Records provided:
[Start of Attachment]
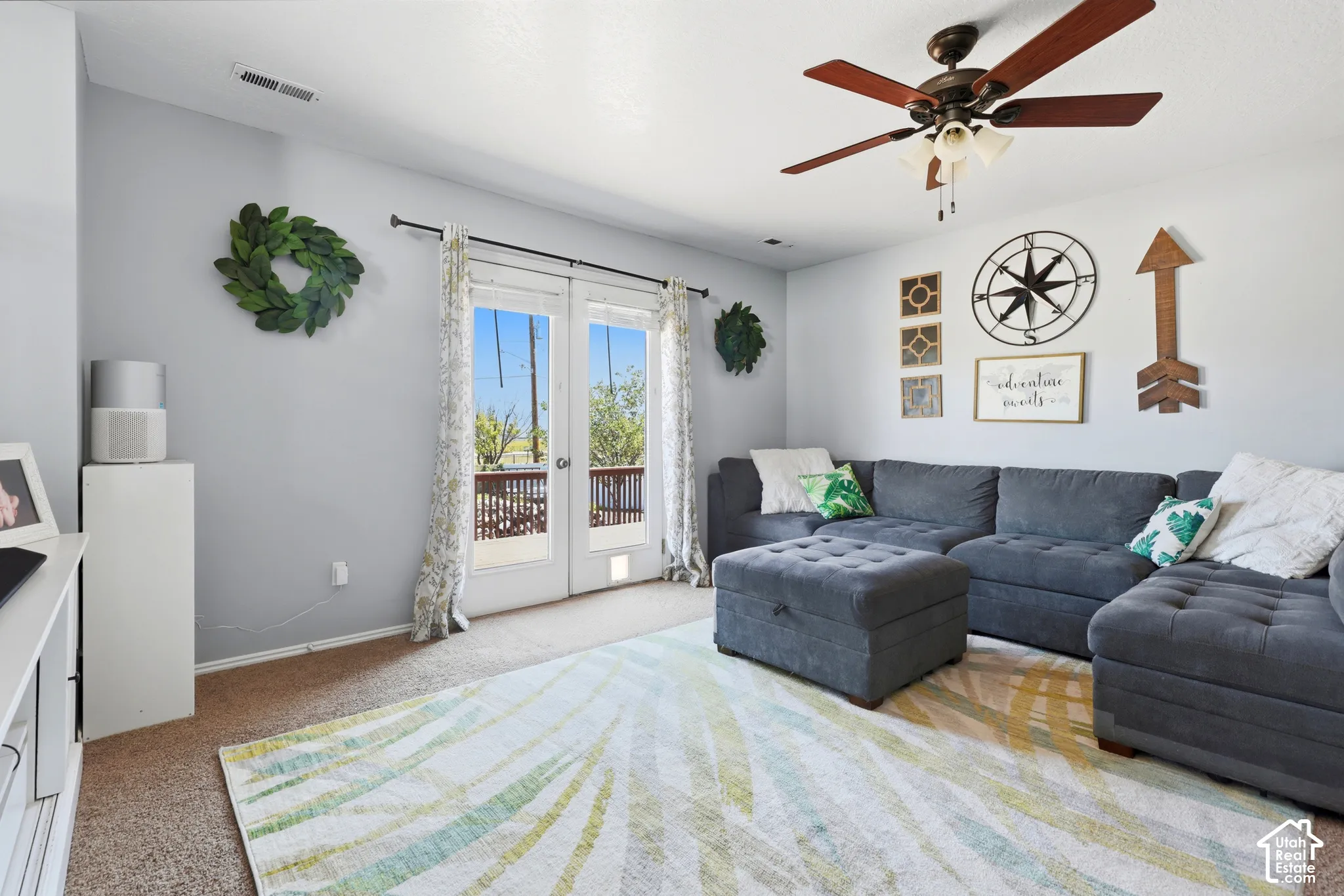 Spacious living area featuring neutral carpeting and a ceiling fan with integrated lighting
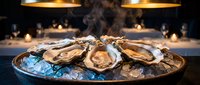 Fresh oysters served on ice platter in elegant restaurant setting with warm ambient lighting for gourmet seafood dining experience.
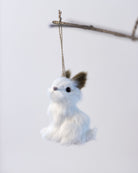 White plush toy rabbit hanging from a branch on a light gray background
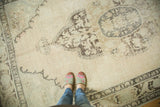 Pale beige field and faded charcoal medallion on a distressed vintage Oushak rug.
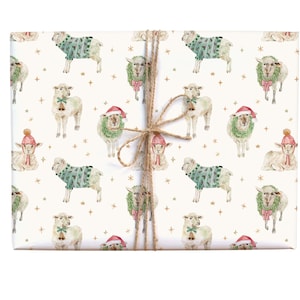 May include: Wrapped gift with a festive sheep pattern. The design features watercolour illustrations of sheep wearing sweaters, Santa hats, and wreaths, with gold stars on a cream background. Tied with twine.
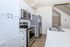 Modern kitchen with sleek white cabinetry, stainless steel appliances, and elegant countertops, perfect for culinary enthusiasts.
[End of Attachment]
Required work: Your copy should match the records above word for word, but without images.

Task answer:
 Spacious living area featuring neutral carpeting and a ceiling fan with integrated lighting
 Fresh oysters served on ice platter in elegant restaurant setting with warm ambient lighting for gourmet seafood dining experience.
 White plush toy rabbit hanging from a branch on a light gray background
 Pale beige field and faded charcoal medallion on a distressed vintage Oushak rug.
 May include: Wrapped gift with a festive sheep pattern. The design features watercolour illustrations of sheep wearing sweaters, Santa hats, and wreaths, with gold stars on a cream background. Tied with twine.
 Modern kitchen with sleek white cabinetry, stainless steel appliances, and elegant countertops, perfect for culinary enthusiasts.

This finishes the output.